Quelques belles scènes et quelques bonnes idées, d’autres moins bonnes, des gens qu’on est content de revoir devant et derrière une caméra (Mehdi Charef, les excellentes Féjria Deliba et Valérie Stroh), une superstar de la comédie, Muriel Robin, qui opère un virage de carrière gonflé, serré et réussi : dans Marie-Line, il y a à boire et à manger.

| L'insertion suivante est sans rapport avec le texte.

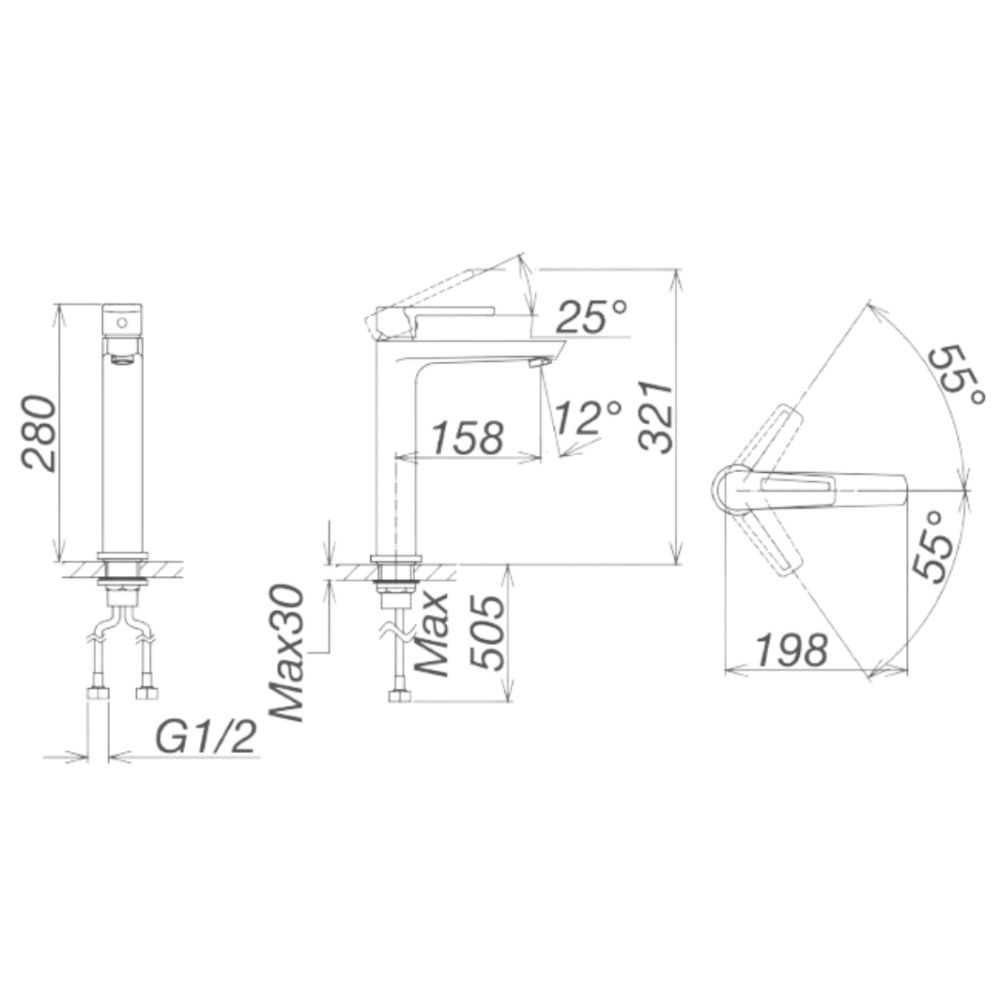 Vòi chậu lavabo nóng lạnh Viglacera VG125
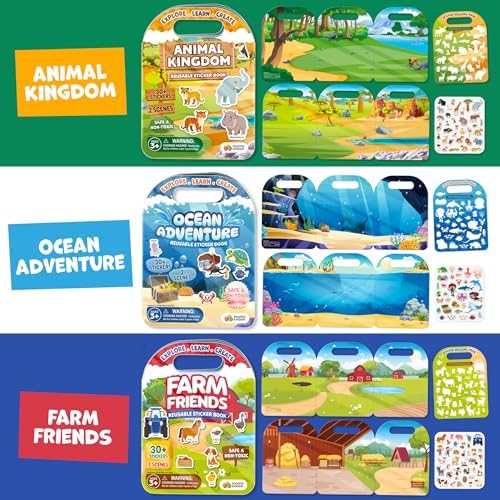 Reusable Sticker Books for Toddlers Kids Airplane Travel Toys Birthday Gift - Image 3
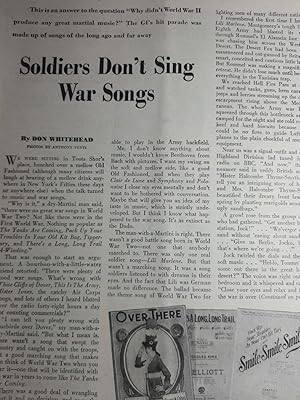 Imagen del vendedor de Article: Soldiers Don't Sing War Songs a la venta por Hammonds Antiques & Books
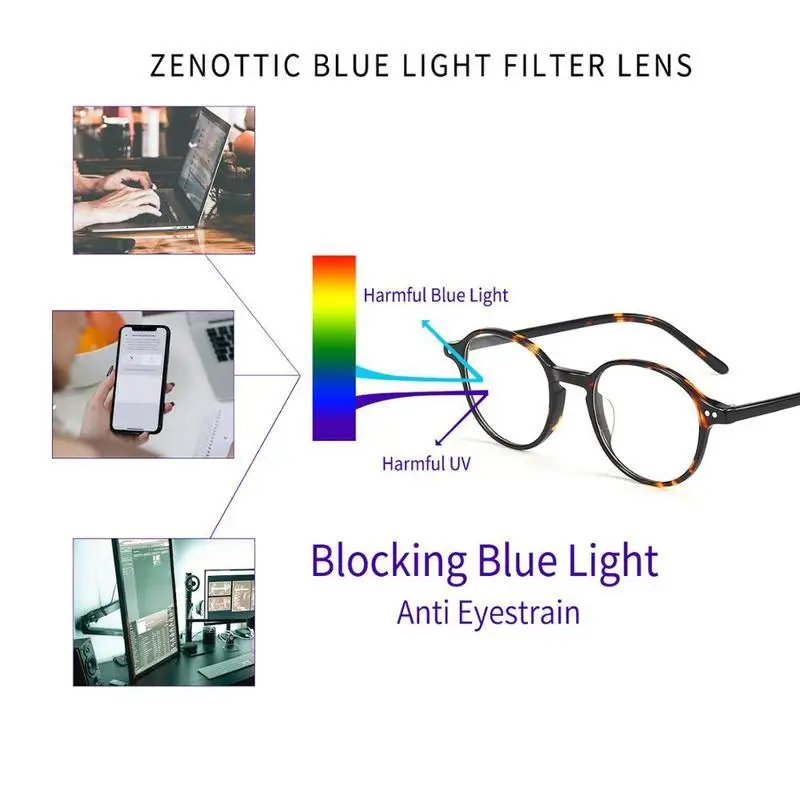 zenottic acetate anti blue light blocking glasses small round computer eyeglasses frame for men women optical myopia eyewear free global shipping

Marie-Line est cheftaine d’une équipe de nettoyage de nuit dans un supermarché. Sous sa coupe, des Beurettes, des Africaines, des sans-papiers ; au-dessus d’elle, des hommes, veules, machistes, exploiteurs. Comme tous les petits chefs, Marie-Line est vacharde, autoritaire, d’autant qu’elle a obtenu son job avec le piston du FN. Mais d’un autre côté, c’est une femme… et tout le mouvement du film est axé autour de cette féminité niée qui ne demande qu’à resurgir au grand jour. Commençons par ce qui nous fatigue ici : quand Charef cède au manichéisme (les hommes tous plus ou moins pourris), ou quand ses idées se font trop explicites sur des grands sujets comme le racisme, la solidarité humaine, la saloperie des rapports de pouvoir… Un dialogue trop édifiant par ci, une situation ou un plan trop insistant par là (la famille d’Africains à la rue) et on tombe dans le cinéma d’intention, c’est-à-dire du mauvais cinéma surtout quand les intentions sont bonnes et généreuses.
Mais il y a par ailleurs de fort belles choses ici, notamment l’amour avec lequel Charef regarde ses personnages féminins, l’attention qu’il met à filmer leur travail, leurs trajets nocturnes, leur quotidien. Quand il montre, Marie-Line est évidemment bien meilleur que quand il démontre. Exemple exemplaire, la séquence où, répondant à une annonce, Marie-Line part rencontrer un homme en province : la ferme à colombages, l’intérieur propret, le troupeau de vaches, le grand air, le silence… Marie-Line panique et retourne fissa vers sa cité de banlieue ! Inattendue, muette, cette séquence est magnifique et emblématique de ce que peut Charef quand il fait totalement confiance à ses moyens de cinéaste.
Reste à dire quelques mots de Marie-Line et de Muriel Robin. C’est bien à travers ce personnage qui occupe tous les plans que le film échappe finalement au manichéisme. Marie-Line est clivée à tous points de vue, entre ses supérieurs et inférieurs hiérarchiques, son autorité et son instinct protecteur, ses accointances FN et sa générosité fondamentale, entre sa carapace d’acier et son cœur d’artichaut (elle est fan de Joe Dassin, ce qui nous vaut une autre scène remarquable). Dans cette féminité, ces contradictions et cette vulnérabilité qui finit par affleurer, impossible de ne pas sentir Muriel Robin se confondre avec Marie-Line. C’est grâce à cette profonde part d’elle-même que la comédienne livre une performance généreuse, émouvante et digne d’admiration. Et c’est en suscitant et filmant ce travail que Charef trouve son vrai sujet (comment une vedette comique se dévoile) et prouve qu’il est un bon cinéaste.